In [1]:
%cd ../

%load_ext autoreload
%autoreload 2

/Users/macos/Uni/1st_year/period_3/DSProj/code/models


In [2]:
import math
from pathlib import Path
from datetime import datetime

import numpy as np
import torch
import torch.nn as torch_nn
import pandas as pd
from torch.optim import AdamW, lr_scheduler
from torch.utils.data import DataLoader, Dataset
from tqdm.notebook import tqdm

from MF.model import MF
import evaluation
import utils

In [3]:
NUM_SITES_PER_PACK = 2
NUM_SPECIES_PER_PACK = 4
BATCH_SIZE = 25
LR = 5e-3
EPS = 1e-6
N_EPOCHS = 70
USE_REGULARIZATION = True
PROBABILITY_OUTPUT = True
D_HID = 10

DEVICE = "mps"
PATH_DIR_DATA_PROCESS = Path("data_processed")
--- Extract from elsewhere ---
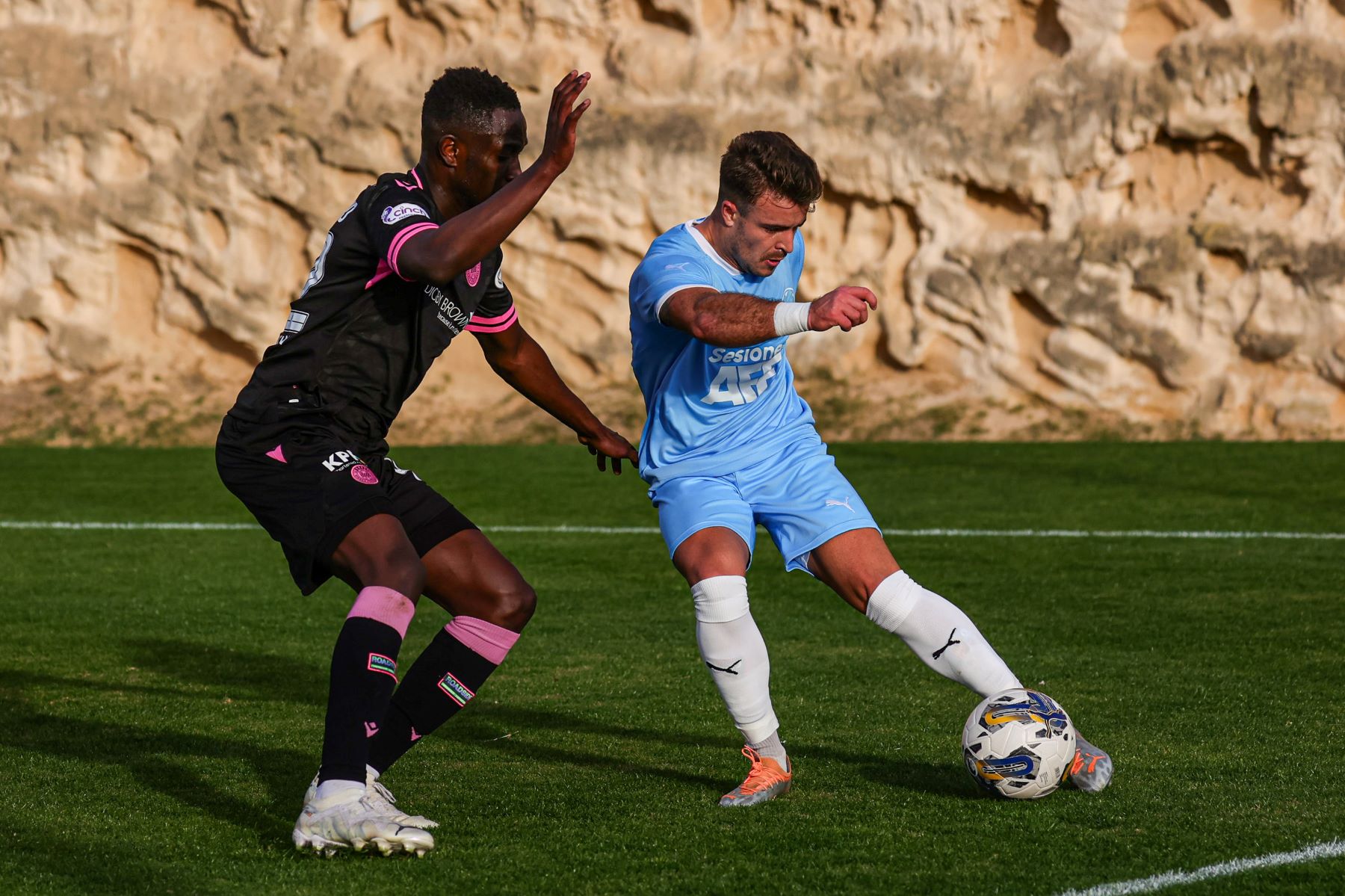 Sesiones AFE 33 - Partido St Mirren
# 1. Load data train/val and encoder

In [4]:
path_dir_data = PATH_DIR_DATA_PROCESS / "trainval"

path_data_train = path_dir_data / "data_train.npy"
path_data_val = path_dir_data / "data_val.npy"

data_train = np.load(path_data_train, allow_pickle=True)
data_val = np.load(path_data_val, allow_pickle=True)

In [5]:
path_dir_encode = PATH_DIR_DATA_PROCESS / "encoder"

path_enc_species = path_dir_encode / "ordinal_enc_species.json"
path_enc_site = path_dir_encode / "ordinal_enc_site.json"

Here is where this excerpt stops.